*TRY IT*. There is one span to output from the data below: the lines starting at the line with "2 ложки в фарш" and ending at the line with "Poster Nebelfleck |". Output it exactly, ends included, nothing more.

*SOURCE DATA*.
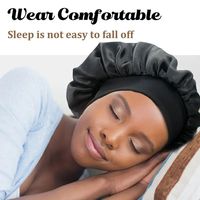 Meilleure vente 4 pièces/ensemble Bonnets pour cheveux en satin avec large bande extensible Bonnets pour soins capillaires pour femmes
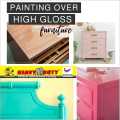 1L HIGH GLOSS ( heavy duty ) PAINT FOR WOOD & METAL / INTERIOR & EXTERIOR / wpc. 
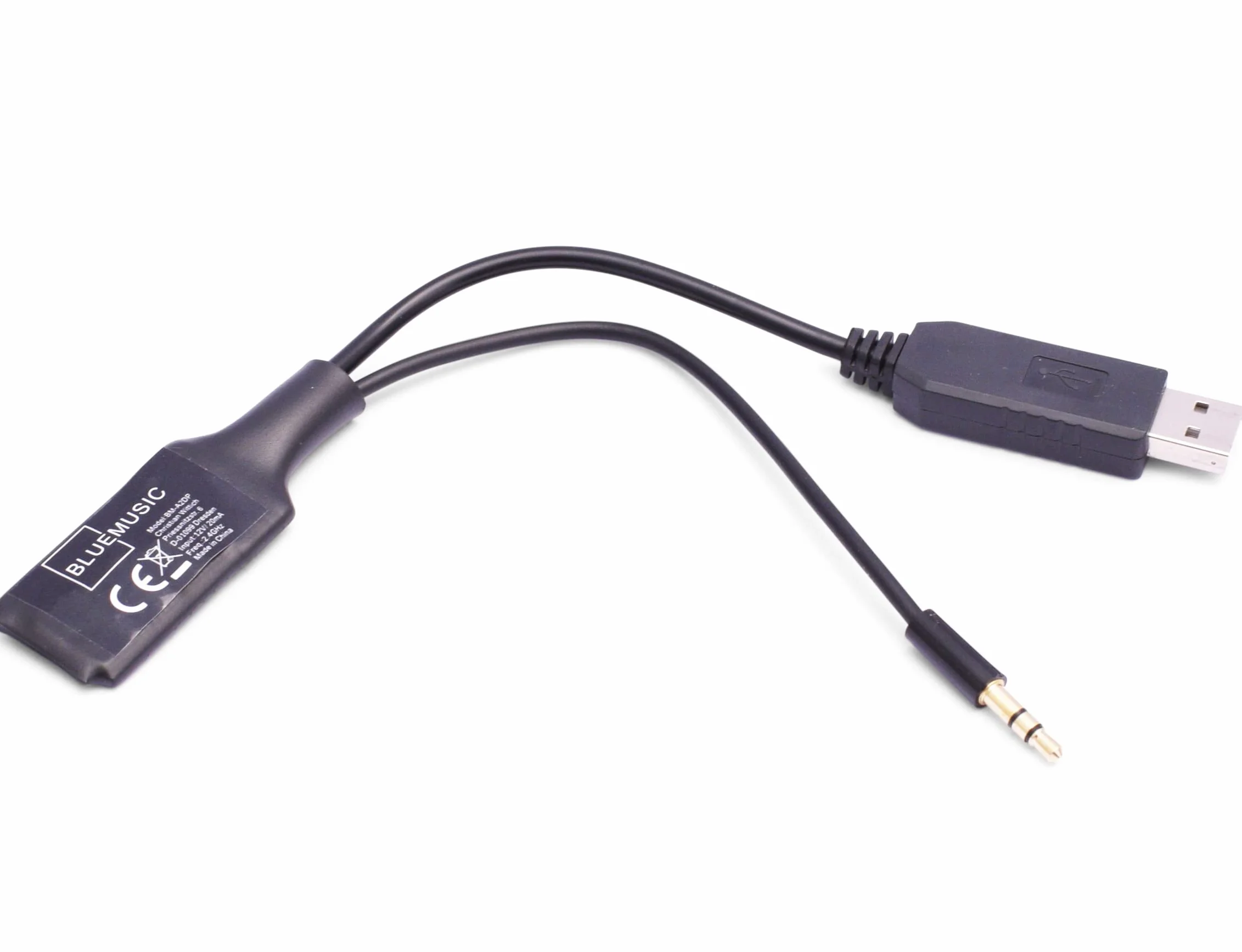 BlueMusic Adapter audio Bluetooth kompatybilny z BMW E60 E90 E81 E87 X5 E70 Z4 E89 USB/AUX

==

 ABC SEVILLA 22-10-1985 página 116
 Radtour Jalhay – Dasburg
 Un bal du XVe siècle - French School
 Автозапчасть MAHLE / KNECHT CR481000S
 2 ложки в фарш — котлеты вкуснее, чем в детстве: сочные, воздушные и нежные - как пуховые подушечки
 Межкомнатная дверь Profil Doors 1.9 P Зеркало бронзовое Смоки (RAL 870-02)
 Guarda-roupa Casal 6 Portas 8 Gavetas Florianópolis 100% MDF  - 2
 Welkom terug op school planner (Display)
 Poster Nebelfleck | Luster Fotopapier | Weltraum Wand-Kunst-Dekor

* * *

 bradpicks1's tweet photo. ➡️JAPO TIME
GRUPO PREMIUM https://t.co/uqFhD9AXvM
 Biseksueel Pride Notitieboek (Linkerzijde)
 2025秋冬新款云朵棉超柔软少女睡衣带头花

*EXERCISE RESULT*.
 2 ложки в фарш — котлеты вкуснее, чем в детстве: сочные, воздушные и нежные - как пуховые подушечки
 Межкомнатная дверь Profil Doors 1.9 P Зеркало бронзовое Смоки (RAL 870-02)
 Guarda-roupa Casal 6 Portas 8 Gavetas Florianópolis 100% MDF  - 2
 Welkom terug op school planner (Display)
 Poster Nebelfleck | Luster Fotopapier | Weltraum Wand-Kunst-Dekor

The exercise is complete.